2026-7 started as a comment section. We'd been posting our music on TikTok and Instagram for a while, and the haters found us. Not just any haters: the ones who arrived to declare that the 67 meme was finished. They'd clearly just heard about it.
The comments are right there in the lyrics. "This is trash." "Out of style." "The worst one yet." "Dead internet." Our favorite was someone explaining we were "so bad it's good already," which takes real confidence to post on day one. Also appearing, suddenly, in large numbers with significant likes: a wave of comments declaring we'd become very popular in Israel. This is the old "big in Japan" reappropriated. The claim of exotic faraway success in a place nobody in the comments can verify. We found it genuinely wonderful.
Then "AI slop." We do use AI. Proudly, specifically, in the ratio of 67% AI to 33% bad human decisions made at two in the morning.
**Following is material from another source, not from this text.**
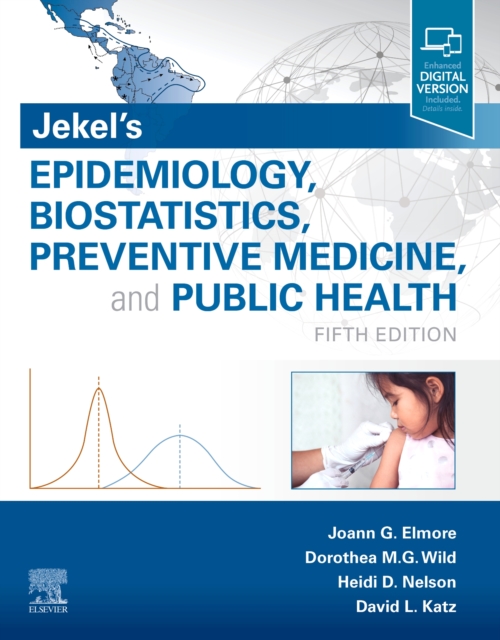 Jekel's Epidemiology, Biostatistics, Preventive Medicine, and Public Health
That's not a confession. That's the aesthetic. The name wasn't an accident either.
The title encodes the entire response. You tell us it's 2026 and 67 is over? Correction: it's 2026-7. That's the argument, in full. The number absorbs the year. You tried to use the calendar against us and we turned it into another 67. There's a geometry to that which satisfies us.
We knew when we were writing it that this song isn't for someone discovering 67 for the first time. The references are specific. "Big in Tel Aviv." "Nice try diddy." The AI bit. These land for people who've been watching the comment section with us, haters included. Especially the haters. A song made for the people invested enough to be annoyed is a song made for people who care. And caring is always the point.
The outro says everything that needs to be said: "It's over... / Yeah? / Sure." We're not arguing. Six-seven. 2026-7. See you back again.